**TRY IT:** The answer must consist solely of the line that contains "البحر أيضا نبذني …" and all subsequent lines of the data, each reproduced exactly.

[EXERCISE MATERIAL — start]

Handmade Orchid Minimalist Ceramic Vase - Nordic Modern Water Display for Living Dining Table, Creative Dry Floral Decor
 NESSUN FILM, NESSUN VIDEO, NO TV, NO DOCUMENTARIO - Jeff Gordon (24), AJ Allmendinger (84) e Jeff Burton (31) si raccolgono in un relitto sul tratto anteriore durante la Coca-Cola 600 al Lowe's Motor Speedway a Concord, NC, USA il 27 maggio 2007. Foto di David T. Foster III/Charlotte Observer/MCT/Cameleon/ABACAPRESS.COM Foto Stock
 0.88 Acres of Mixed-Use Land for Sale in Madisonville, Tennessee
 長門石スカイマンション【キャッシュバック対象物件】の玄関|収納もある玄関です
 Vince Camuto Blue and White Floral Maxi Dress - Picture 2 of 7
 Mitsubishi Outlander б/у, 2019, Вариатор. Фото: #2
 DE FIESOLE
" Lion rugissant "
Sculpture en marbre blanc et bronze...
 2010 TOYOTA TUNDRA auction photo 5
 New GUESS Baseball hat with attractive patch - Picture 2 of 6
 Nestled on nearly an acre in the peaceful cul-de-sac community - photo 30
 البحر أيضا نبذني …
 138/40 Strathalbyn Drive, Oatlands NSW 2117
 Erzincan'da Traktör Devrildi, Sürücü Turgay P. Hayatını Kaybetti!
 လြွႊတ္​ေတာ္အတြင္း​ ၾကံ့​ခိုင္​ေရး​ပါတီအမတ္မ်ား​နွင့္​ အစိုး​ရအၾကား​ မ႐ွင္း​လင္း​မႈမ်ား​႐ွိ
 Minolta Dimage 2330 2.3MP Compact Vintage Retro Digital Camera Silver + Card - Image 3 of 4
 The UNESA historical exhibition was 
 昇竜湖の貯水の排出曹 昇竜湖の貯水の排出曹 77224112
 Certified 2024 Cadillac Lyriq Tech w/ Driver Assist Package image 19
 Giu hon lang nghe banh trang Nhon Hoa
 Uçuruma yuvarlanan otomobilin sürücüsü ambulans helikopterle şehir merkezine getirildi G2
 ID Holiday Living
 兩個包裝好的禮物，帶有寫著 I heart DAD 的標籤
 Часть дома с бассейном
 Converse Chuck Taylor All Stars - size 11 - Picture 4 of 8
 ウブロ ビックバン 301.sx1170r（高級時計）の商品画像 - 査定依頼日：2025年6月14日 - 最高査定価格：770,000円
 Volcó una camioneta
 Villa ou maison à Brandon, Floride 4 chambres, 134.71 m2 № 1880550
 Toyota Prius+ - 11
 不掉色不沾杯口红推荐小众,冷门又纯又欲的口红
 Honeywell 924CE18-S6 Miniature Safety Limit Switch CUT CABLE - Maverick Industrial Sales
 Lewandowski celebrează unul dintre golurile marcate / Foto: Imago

[EXERCISE MATERIAL — finish]

**COMPLETED EXERCISE:**
 البحر أيضا نبذني …
 138/40 Strathalbyn Drive, Oatlands NSW 2117
 Erzincan'da Traktör Devrildi, Sürücü Turgay P. Hayatını Kaybetti!
 လြွႊတ္​ေတာ္အတြင္း​ ၾကံ့​ခိုင္​ေရး​ပါတီအမတ္မ်ား​နွင့္​ အစိုး​ရအၾကား​ မ႐ွင္း​လင္း​မႈမ်ား​႐ွိ
 Minolta Dimage 2330 2.3MP Compact Vintage Retro Digital Camera Silver + Card - Image 3 of 4
 The UNESA historical exhibition was 
 昇竜湖の貯水の排出曹 昇竜湖の貯水の排出曹 77224112
 Certified 2024 Cadillac Lyriq Tech w/ Driver Assist Package image 19
 Giu hon lang nghe banh trang Nhon Hoa
 Uçuruma yuvarlanan otomobilin sürücüsü ambulans helikopterle şehir merkezine getirildi G2
 ID Holiday Living
 兩個包裝好的禮物，帶有寫著 I heart DAD 的標籤
 Часть дома с бассейном
 Converse Chuck Taylor All Stars - size 11 - Picture 4 of 8
 ウブロ ビックバン 301.sx1170r（高級時計）の商品画像 - 査定依頼日：2025年6月14日 - 最高査定価格：770,000円
 Volcó una camioneta
 Villa ou maison à Brandon, Floride 4 chambres, 134.71 m2 № 1880550
 Toyota Prius+ - 11
 不掉色不沾杯口红推荐小众,冷门又纯又欲的口红
 Honeywell 924CE18-S6 Miniature Safety Limit Switch CUT CABLE - Maverick Industrial Sales
 Lewandowski celebrează unul dintre golurile marcate / Foto: Imago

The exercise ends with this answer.